(Exercise goal): In the entries below, find the line with "Appartement La Casa De Clara" and the line with "19 Wolf Creek Drive - Photo 22"; reproduce those two lines and all lines between them exactly, without pictures.

** Opening Extracted entries block **

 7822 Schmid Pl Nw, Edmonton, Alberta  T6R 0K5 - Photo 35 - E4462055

** Closing Extracted entries block **
** Opening Extracted entries block **

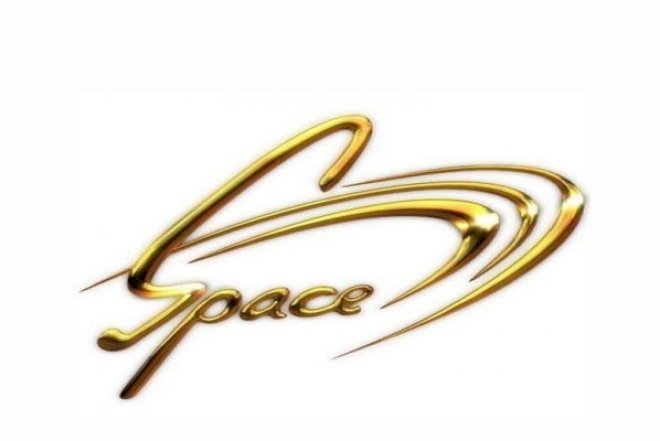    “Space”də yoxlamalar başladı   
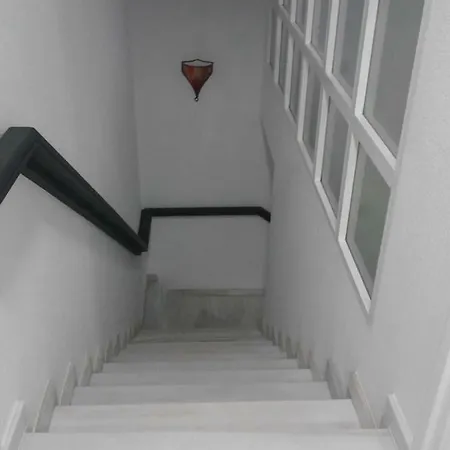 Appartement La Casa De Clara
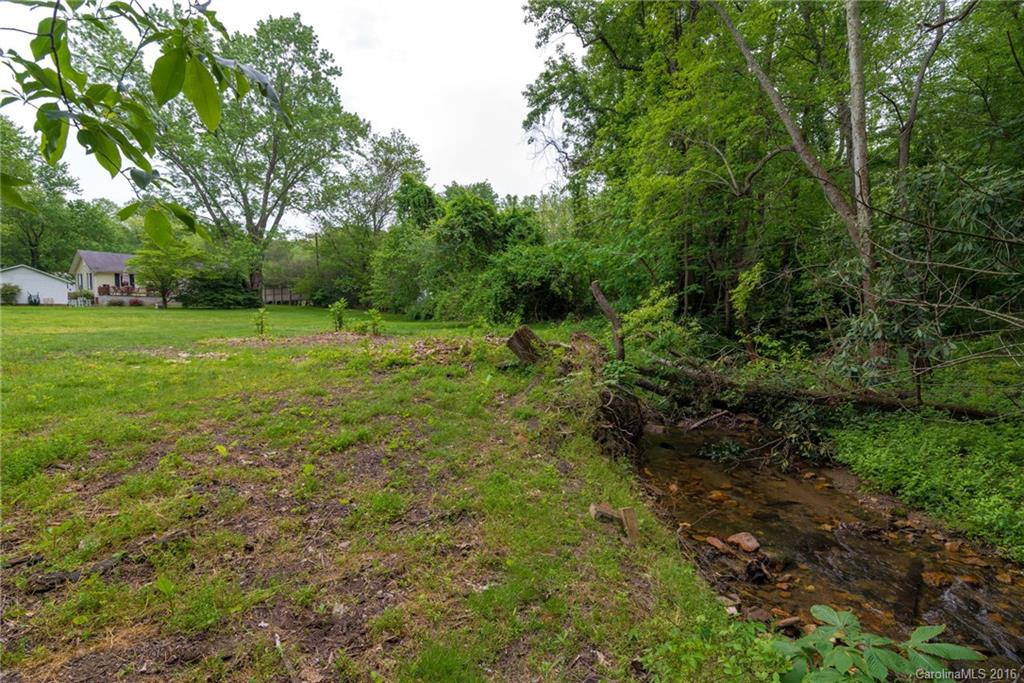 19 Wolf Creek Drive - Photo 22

** Closing Extracted entries block **
** Opening Extracted entries block **

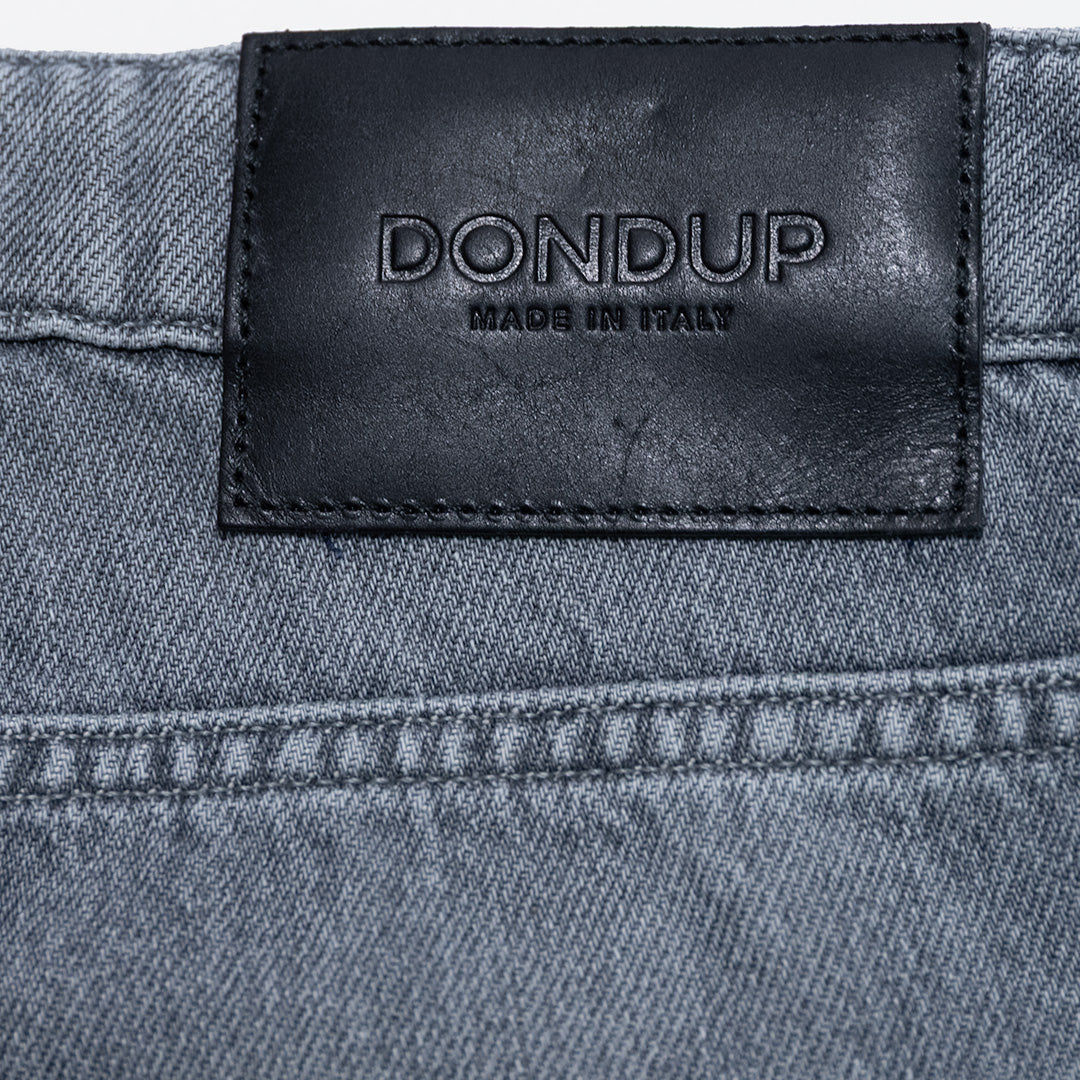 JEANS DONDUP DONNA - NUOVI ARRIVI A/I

** Closing Extracted entries block **

(Result for this task):
 Appartement La Casa De Clara
 19 Wolf Creek Drive - Photo 22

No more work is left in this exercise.